Gmina zatrudniła już dyrektora, którym została Dorota Wolska. Kilka dni temu ogłoszony został nabór do placówki na rok szkolny 2018/2019, który potrwa do 24 lipca. Przyjmowane są dzieci od 20. tygodnia życia do lat 3. Do poniedziałku 16 lipca rodzice złożyli 10 podań. Żłobek może przyjąć 30 dzieci. – To obłożenie docelowe. Jeśli do września nie uda się znaleźć takiej liczby dzieci, placówka i tak ruszy po wakacjach. Od tego, jakie będzie zainteresowanie rodziców żłobkiem, uzależniona jest jednak liczba opiekunów, których zatrudnimy. Jeśli znajdą się chętni na wszystkie miejsca, pracę znajdzie 5 opiekunów – tłumaczy burmistrz Kołcz. Gmina zatrudni też pielęgniarkę i główną księgową.

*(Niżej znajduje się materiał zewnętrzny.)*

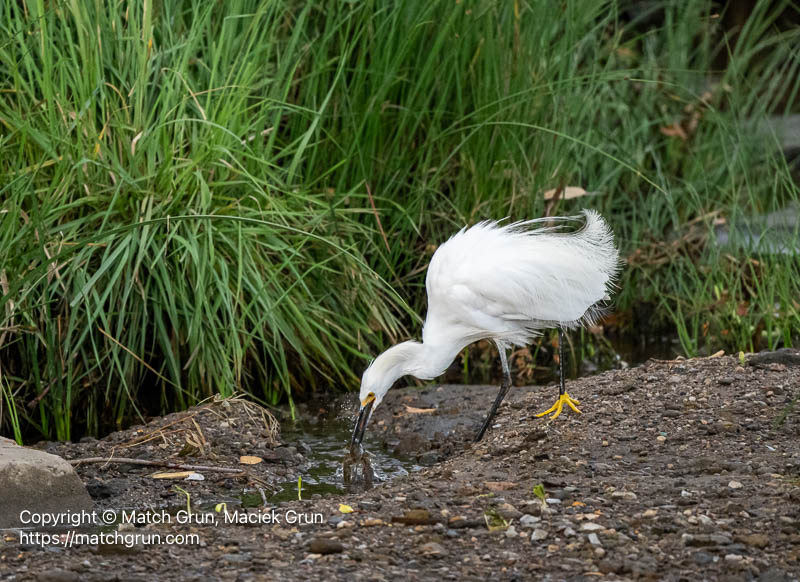 3220-0046-Snowy-Egret-Catching-Crawdad-No-2-Caught-Ya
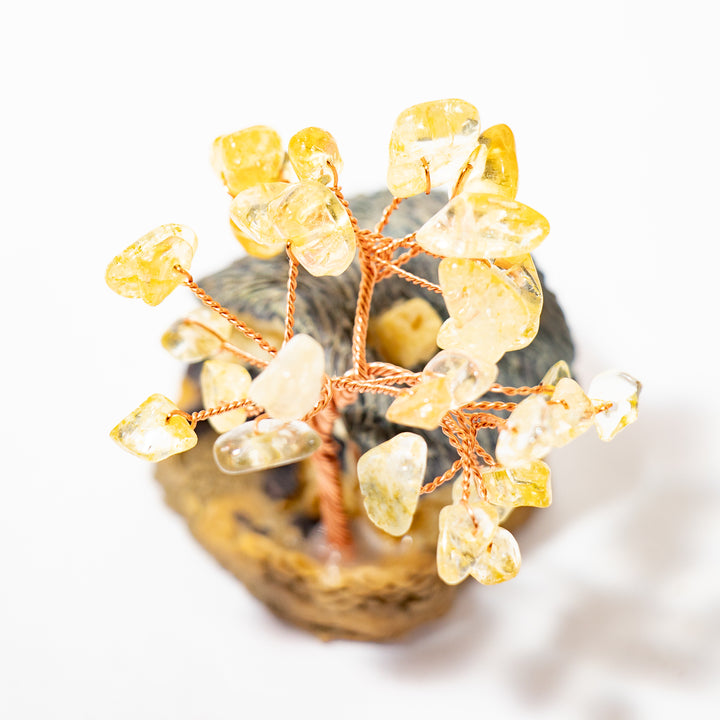 Mini Citrine Gemstone Bonsai Tree – 2”–3”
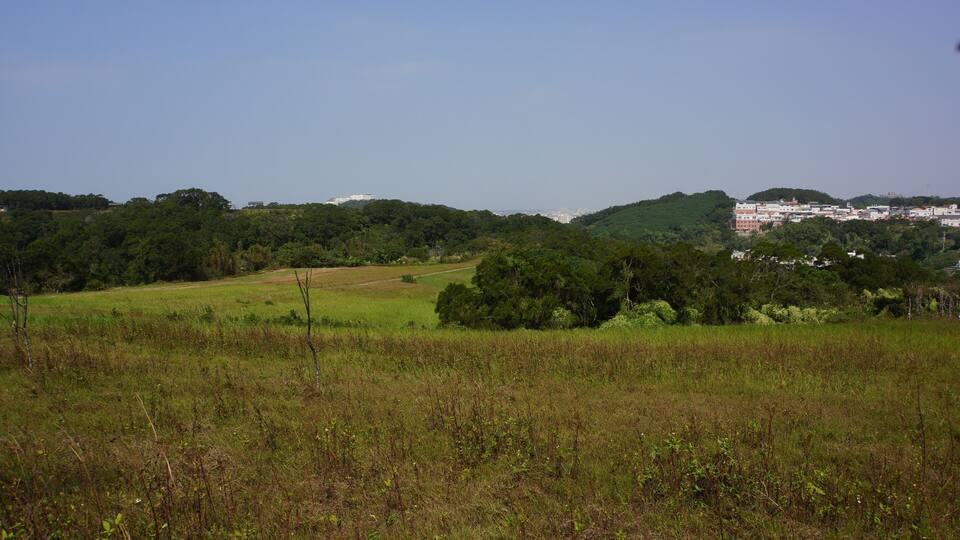 青青草原 qingqing grassland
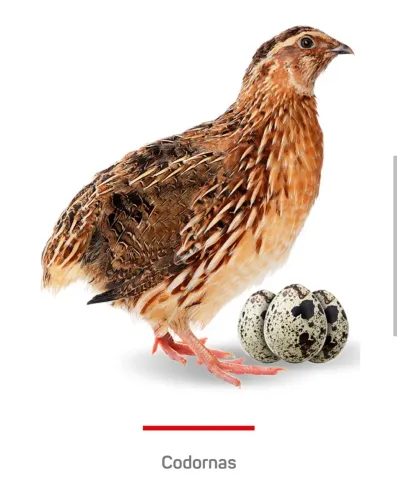 Codorna japônica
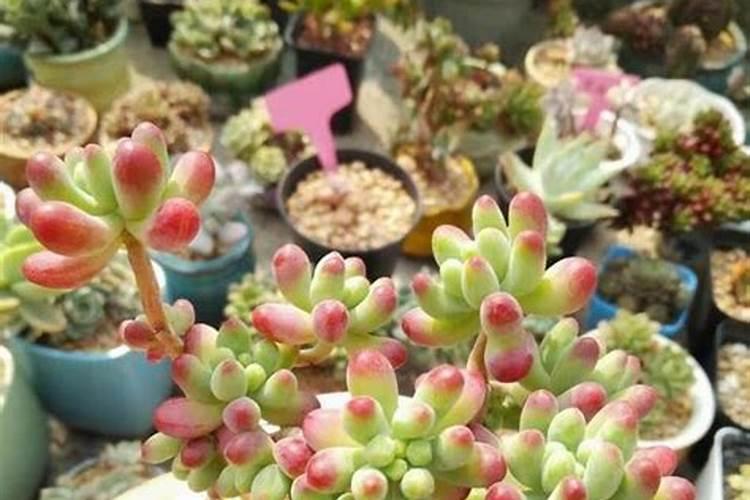 多肉植物能喷磷钾肥吗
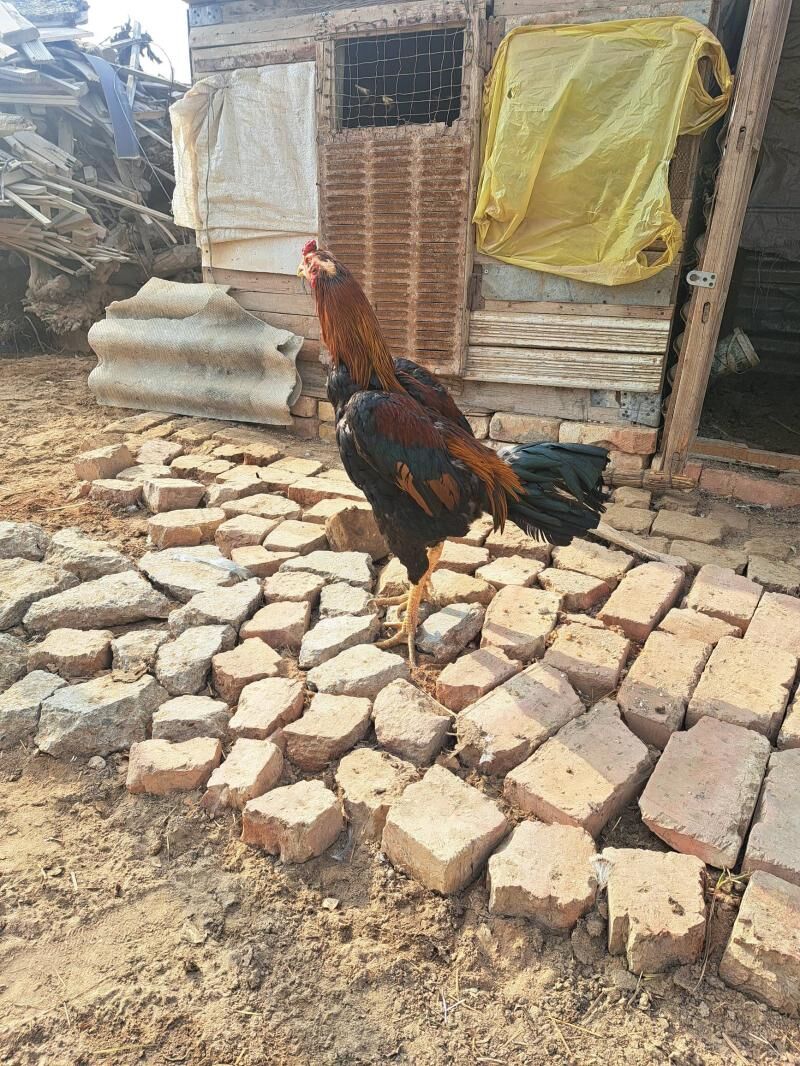 Baysok horaz - Mary - img 1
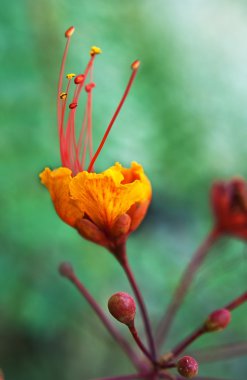 Meksikalı kuş cenneti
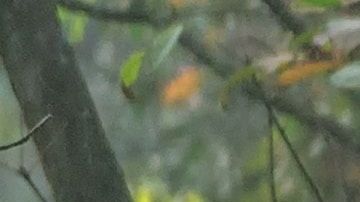 robert-collins-tvc5imO5pXk-unsplash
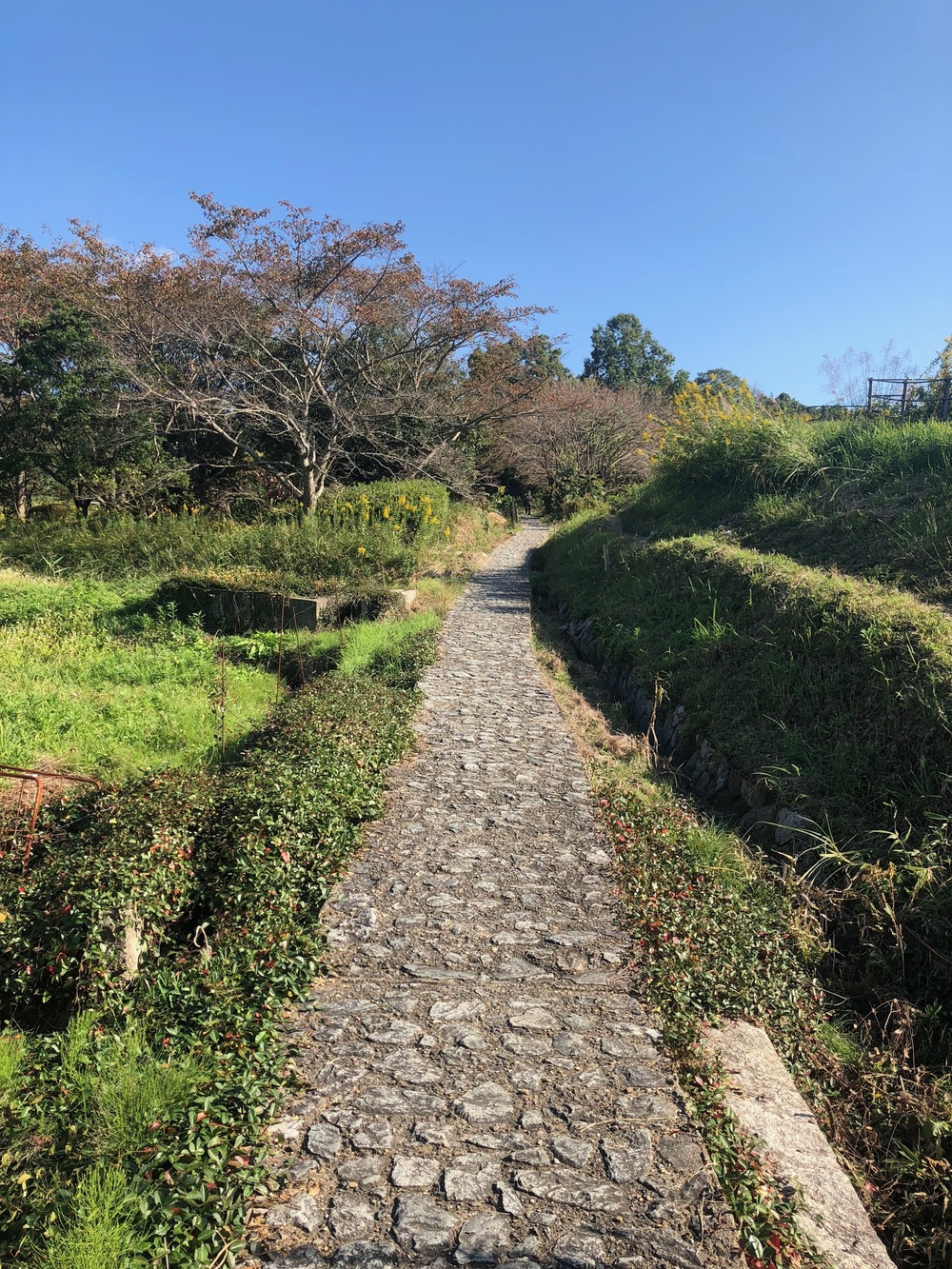 日本最古の道をいく 山辺の道トレイルランの写真6
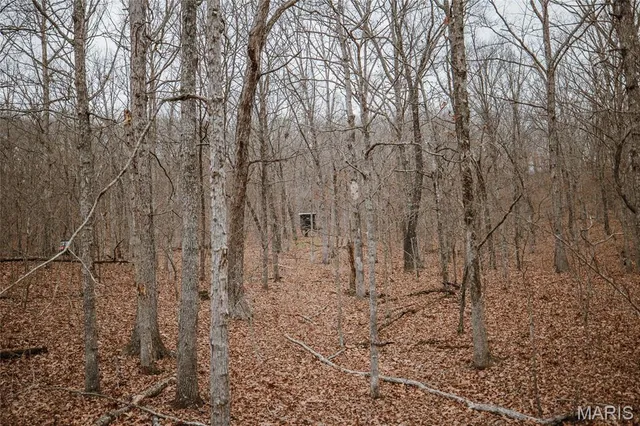 $139,900 | 0 Forest Service Road 2284, Bourbon, MO 65441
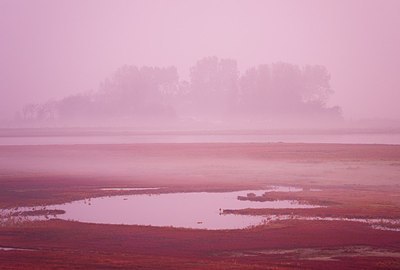 BUITEN BEELD Foto: 146681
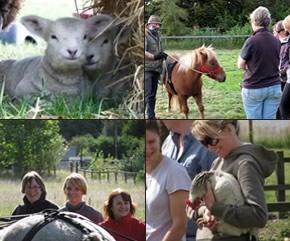 Smallholding Courses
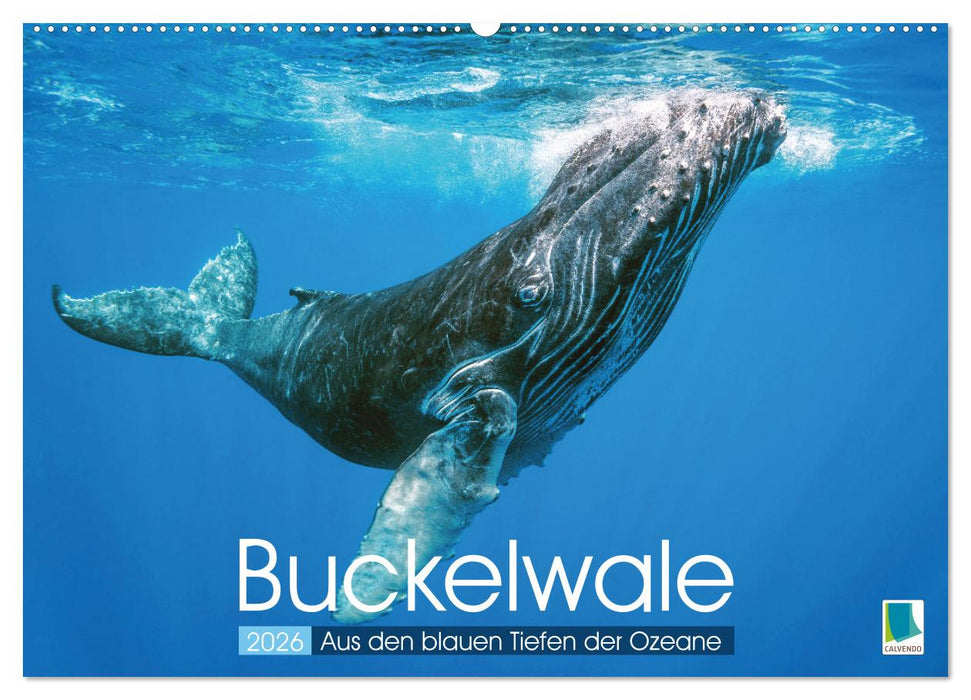 Buckelwale: Aus den blauen Tiefen der Ozeane (CALVENDO Wandkalender 2026)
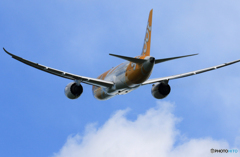 ☀「青い空」が一番 Scoot 787-8 9V-OFC 飛ぶ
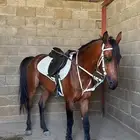 حصان شعبي للبيع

Opieka za pieniądze unijne
Problemów z naborem być nie powinno, bo władze Świerzawy zadbały o odpowiednią zachętę dla rodziców. To opłata za pobyt dziecka w żłobku, która w pierwszym roku funkcjonowania placówki będzie symboliczna. Rodzicie zapłacą tylko 30 zł miesięcznie za posiłki (dostarczane w formie cateringu). W kolejnym opłaty nie będą dużo wyższe. Jest to możliwie dzięki dodatkowym środkom z RPO, jakie gmina pozyskała na rozruch placówki w ramach innego projektu pn. „Nowa szansa – uruchomienie żłobka w Świerzawie”. Jego realizacja ma kosztować 1,29 mln zł, z czego blisko 1,1 mln zł to dofinansowanie z funduszy unijnych. W efekcie przez 2 lata funkcjonowanie żłobka opłacane będzie w głównej mierze ze środków zewnętrznych.
Wśród rodziców ze Świerzawy panuje zresztą przekonanie, że pieniądze wydane na gminny żłobek to dobrze wydane pieniądze. – To duże ułatwienie dla kobiet, które chcą wrócić do pracy i nie mają co zrobić z dzieckiem. Nie zawsze mamy na miejscu dyspozycyjnych dziadków, którzy mogą nam pomóc w opiece. Szkoda tylko, że tak późno władze wpadły na pomysł stworzenia żłobka. Przez tyle lat rodzice z małymi dziećmi musieli radzić sobie własnymi siłami – mówi pani Magdalena, mieszkanka miasteczka, która kilka miesięcy temu urodziła syna.
Rodzice i opiekunowie prawni zainteresowani zapisaniem swojego dziecka do świerzawskiego żłobka powinni dostarczyć karty zgłoszenia wraz z wymaganymi dokumentami do Urzędu Miejskiego w Świerzawie. Kartę zgłoszenia można pobrać ze strony www.swierzawa.pl bądź w Biurze Obsługi Interesanta w UM.